▸ WHAT IS REQUIRED: Output the data word for word, dropping every image.

*** Opening DATA FOR THE TASK ***

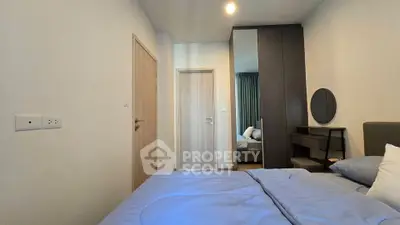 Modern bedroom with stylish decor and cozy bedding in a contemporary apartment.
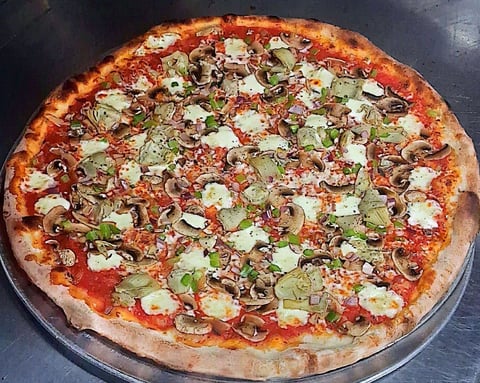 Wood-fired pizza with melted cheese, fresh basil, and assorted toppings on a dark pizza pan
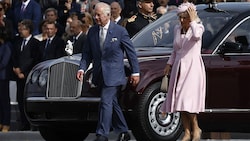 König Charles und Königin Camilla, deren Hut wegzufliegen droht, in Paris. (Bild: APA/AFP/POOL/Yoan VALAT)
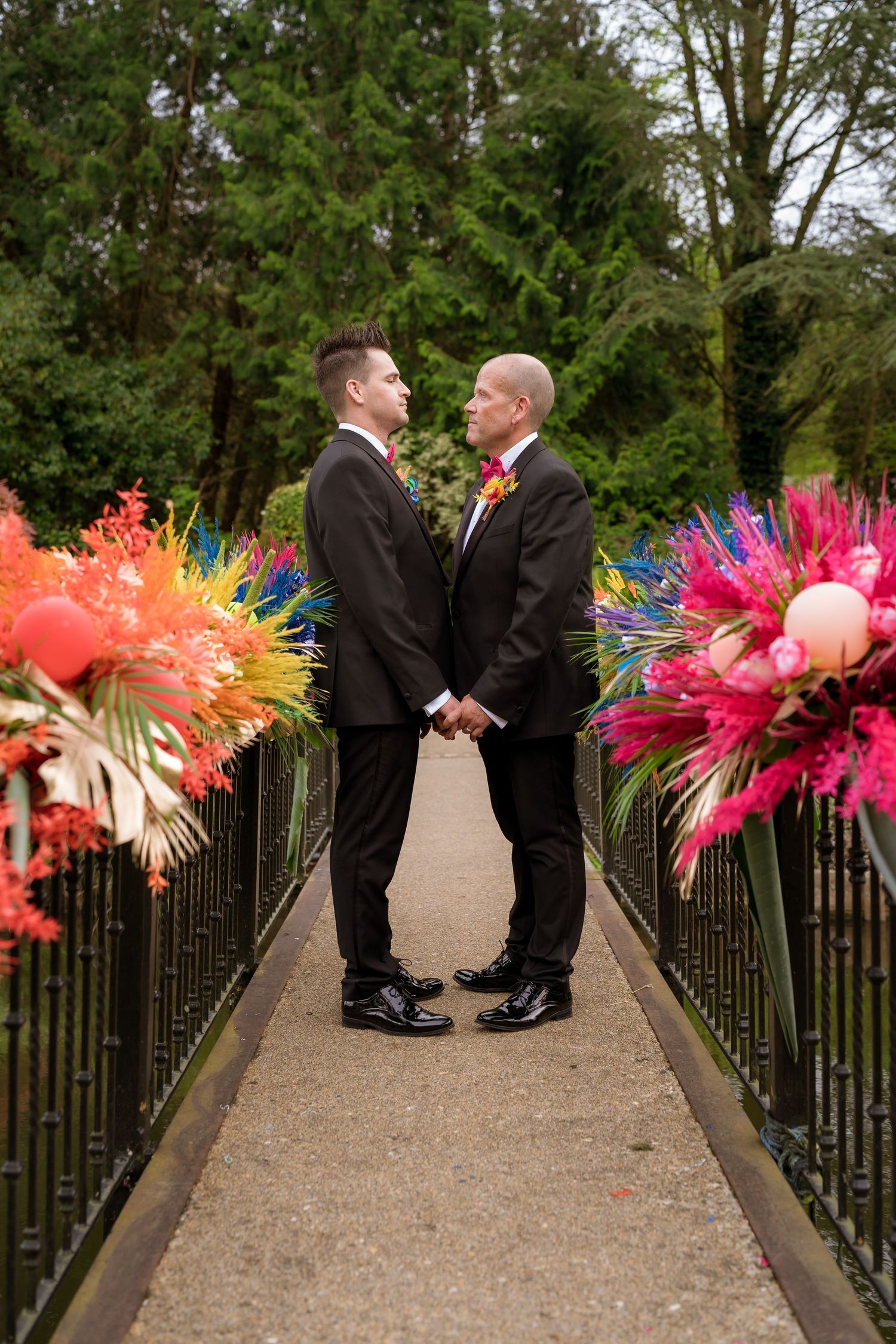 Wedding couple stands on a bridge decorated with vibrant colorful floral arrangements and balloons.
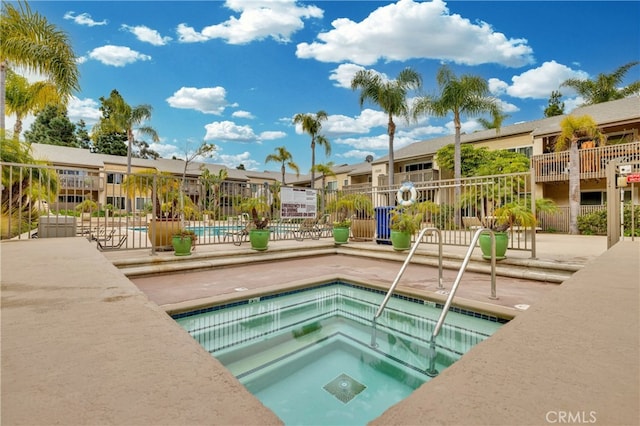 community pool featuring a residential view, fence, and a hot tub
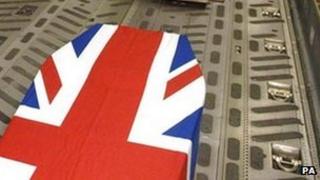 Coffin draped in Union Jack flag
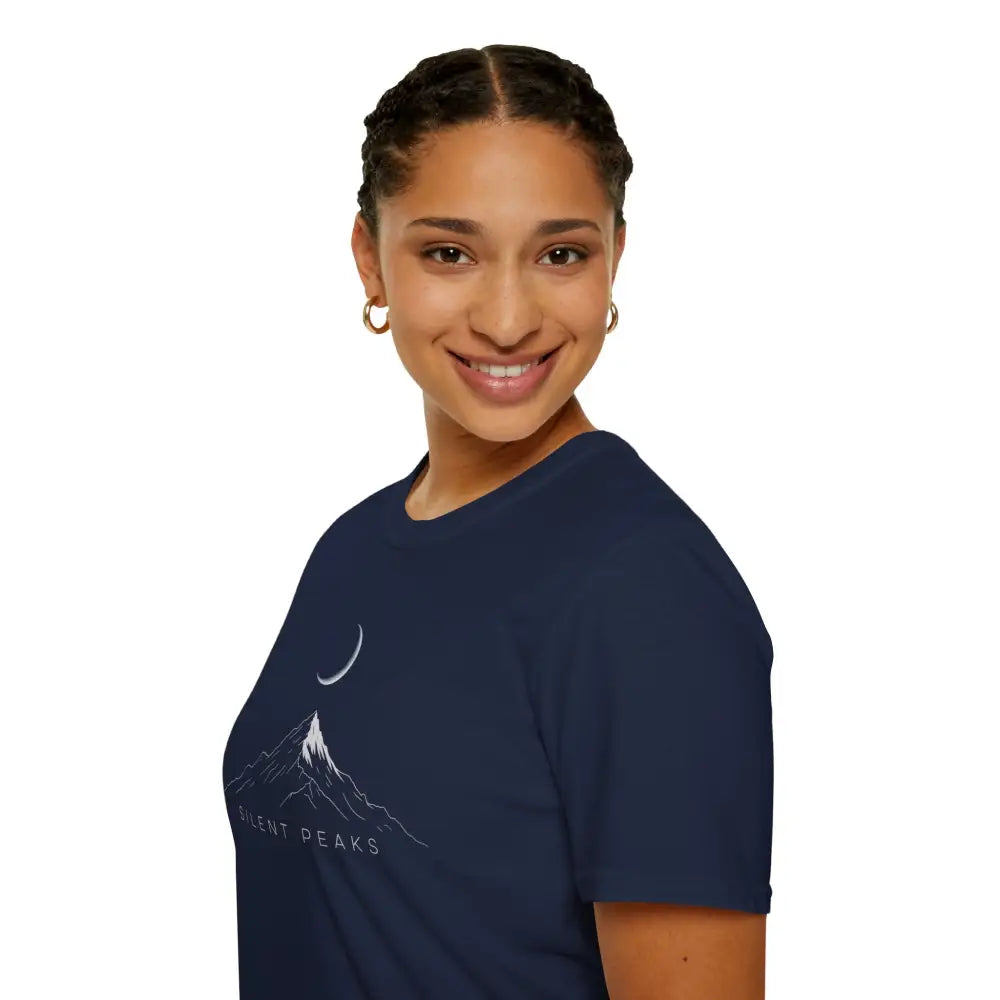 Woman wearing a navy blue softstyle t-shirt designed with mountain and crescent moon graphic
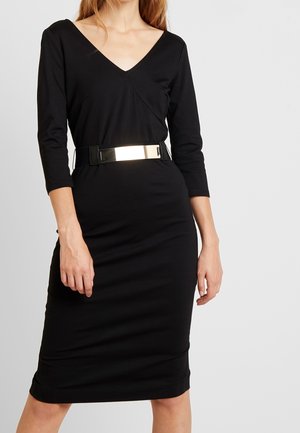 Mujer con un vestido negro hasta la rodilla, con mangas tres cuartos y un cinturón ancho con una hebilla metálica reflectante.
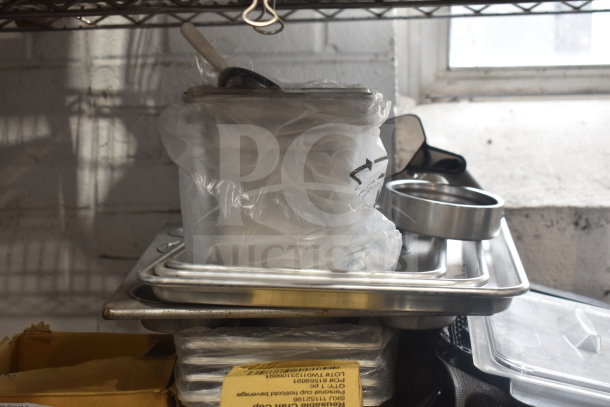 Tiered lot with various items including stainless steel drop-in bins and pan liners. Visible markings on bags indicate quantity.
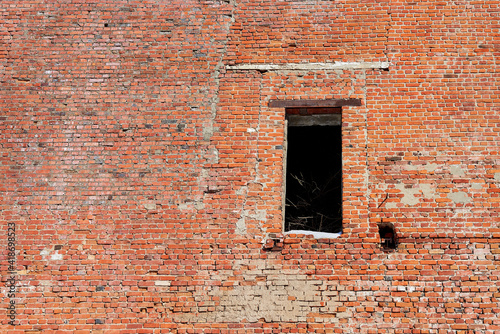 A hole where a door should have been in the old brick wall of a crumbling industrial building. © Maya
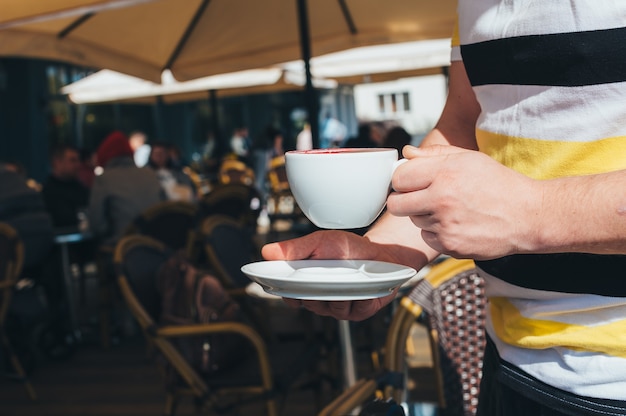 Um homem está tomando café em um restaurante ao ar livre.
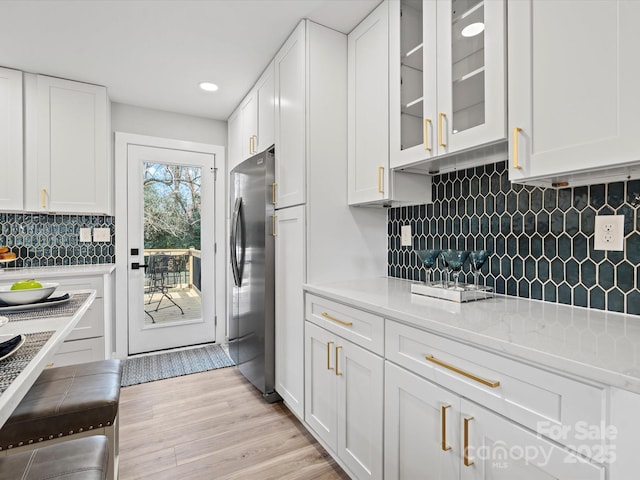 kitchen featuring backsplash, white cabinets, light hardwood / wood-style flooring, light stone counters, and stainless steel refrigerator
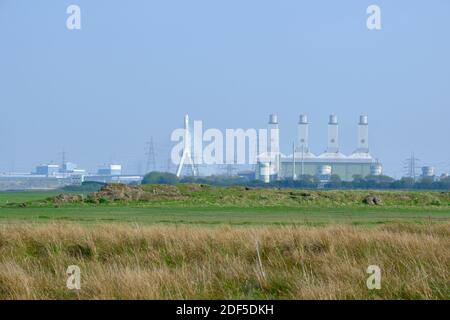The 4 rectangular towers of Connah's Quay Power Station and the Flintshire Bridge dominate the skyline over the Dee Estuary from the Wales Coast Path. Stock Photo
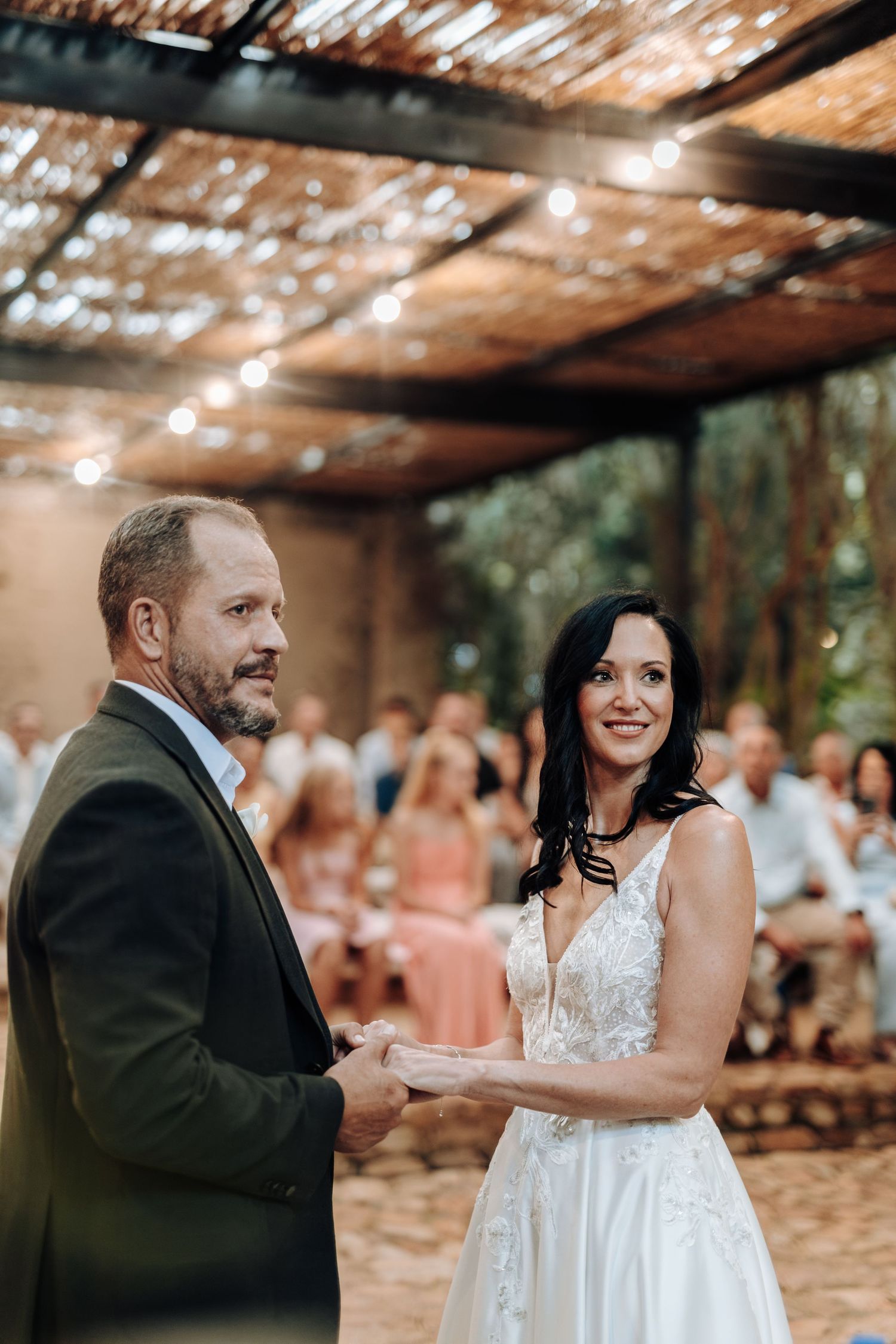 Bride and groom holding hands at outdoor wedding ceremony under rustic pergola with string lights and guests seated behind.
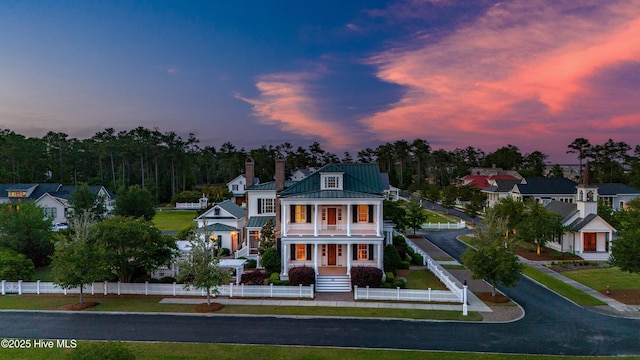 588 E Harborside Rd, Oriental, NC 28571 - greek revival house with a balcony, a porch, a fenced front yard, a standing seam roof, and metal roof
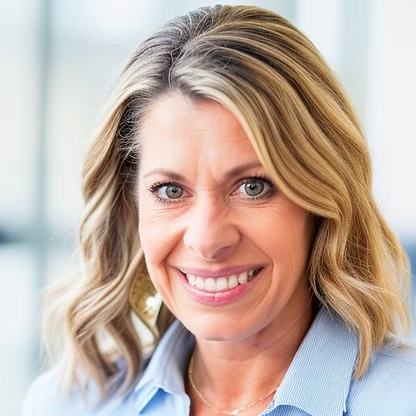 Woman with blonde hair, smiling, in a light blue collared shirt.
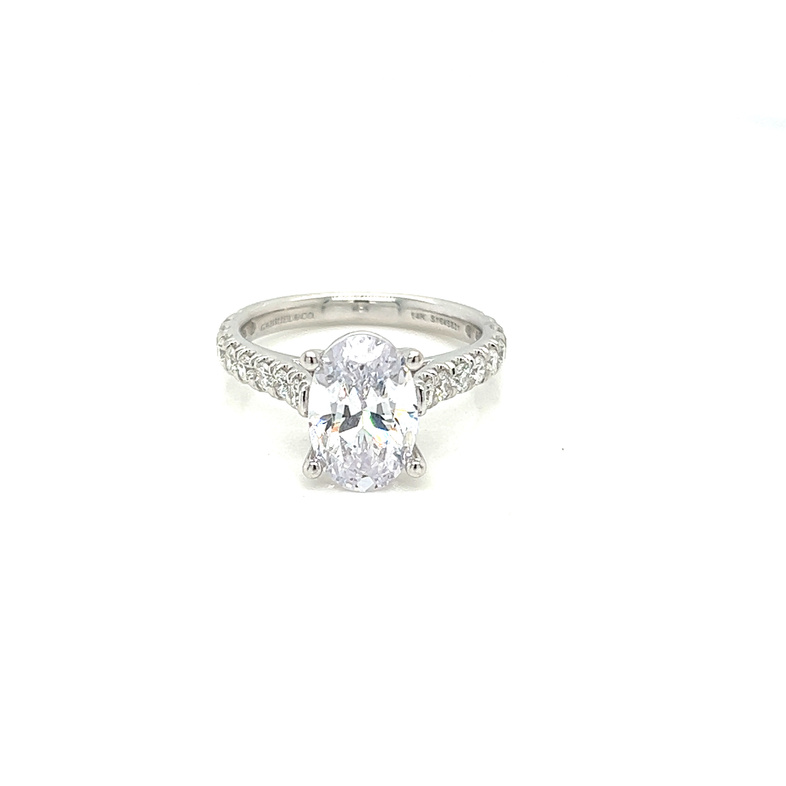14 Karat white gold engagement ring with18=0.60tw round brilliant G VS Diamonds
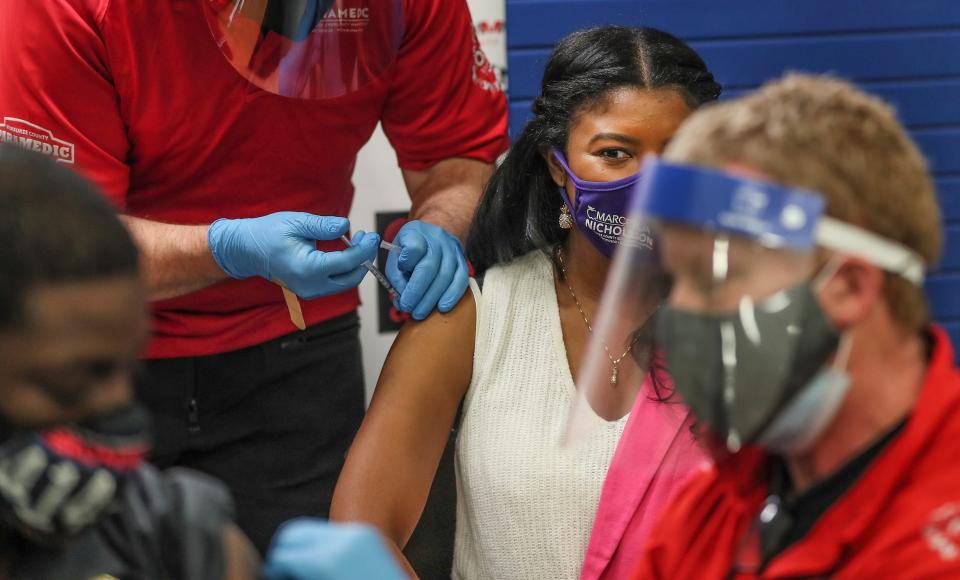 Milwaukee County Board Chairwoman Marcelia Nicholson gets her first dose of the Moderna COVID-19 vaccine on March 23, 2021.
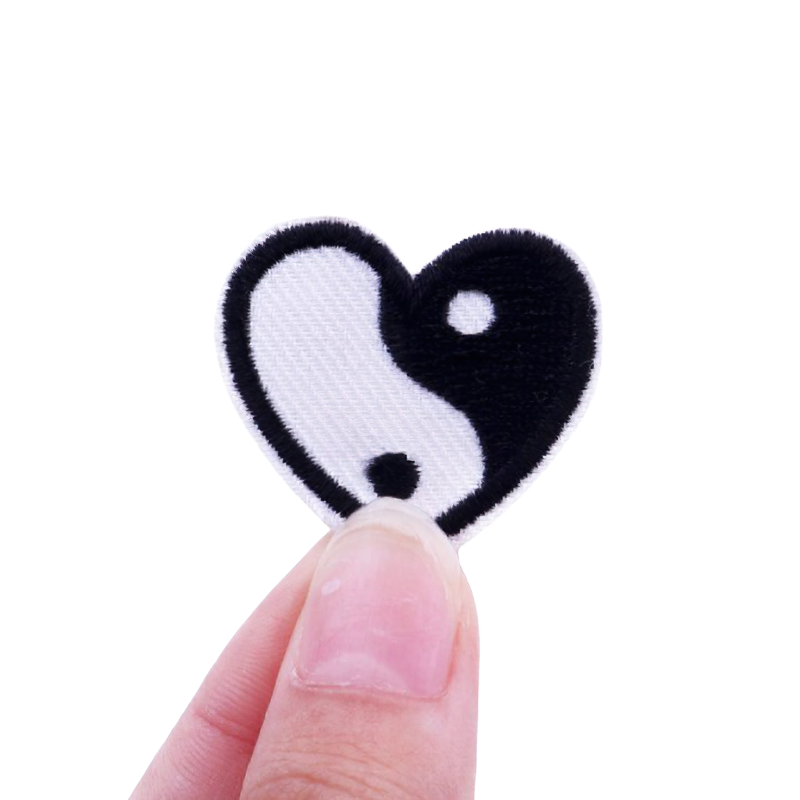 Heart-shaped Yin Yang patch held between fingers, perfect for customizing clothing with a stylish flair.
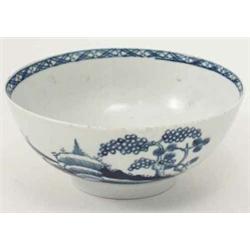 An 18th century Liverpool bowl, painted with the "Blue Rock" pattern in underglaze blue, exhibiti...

*** Closing DATA FOR THE TASK ***

▸ YOUR SOLUTION:
 Modern bedroom with stylish decor and cozy bedding in a contemporary apartment.
 Wood-fired pizza with melted cheese, fresh basil, and assorted toppings on a dark pizza pan
 König Charles und Königin Camilla, deren Hut wegzufliegen droht, in Paris. (Bild: APA/AFP/POOL/Yoan VALAT)
 Wedding couple stands on a bridge decorated with vibrant colorful floral arrangements and balloons.
 community pool featuring a residential view, fence, and a hot tub
 Coffin draped in Union Jack flag
 Woman wearing a navy blue softstyle t-shirt designed with mountain and crescent moon graphic
 Mujer con un vestido negro hasta la rodilla, con mangas tres cuartos y un cinturón ancho con una hebilla metálica reflectante.
 Tiered lot with various items including stainless steel drop-in bins and pan liners. Visible markings on bags indicate quantity.
 A hole where a door should have been in the old brick wall of a crumbling industrial building. © Maya
 Um homem está tomando café em um restaurante ao ar livre.
 kitchen featuring backsplash, white cabinets, light hardwood / wood-style flooring, light stone counters, and stainless steel refrigerator
The 4 rectangular towers of Connah's Quay Power Station and the Flintshire Bridge dominate the skyline over the Dee Estuary from the Wales Coast Path. Stock Photo
 Bride and groom holding hands at outdoor wedding ceremony under rustic pergola with string lights and guests seated behind.
 588 E Harborside Rd, Oriental, NC 28571 - greek revival house with a balcony, a porch, a fenced front yard, a standing seam roof, and metal roof
 Woman with blonde hair, smiling, in a light blue collared shirt.
14 Karat white gold engagement ring with18=0.60tw round brilliant G VS Diamonds
 Milwaukee County Board Chairwoman Marcelia Nicholson gets her first dose of the Moderna COVID-19 vaccine on March 23, 2021.
 Heart-shaped Yin Yang patch held between fingers, perfect for customizing clothing with a stylish flair.
 An 18th century Liverpool bowl, painted with the "Blue Rock" pattern in underglaze blue, exhibiti...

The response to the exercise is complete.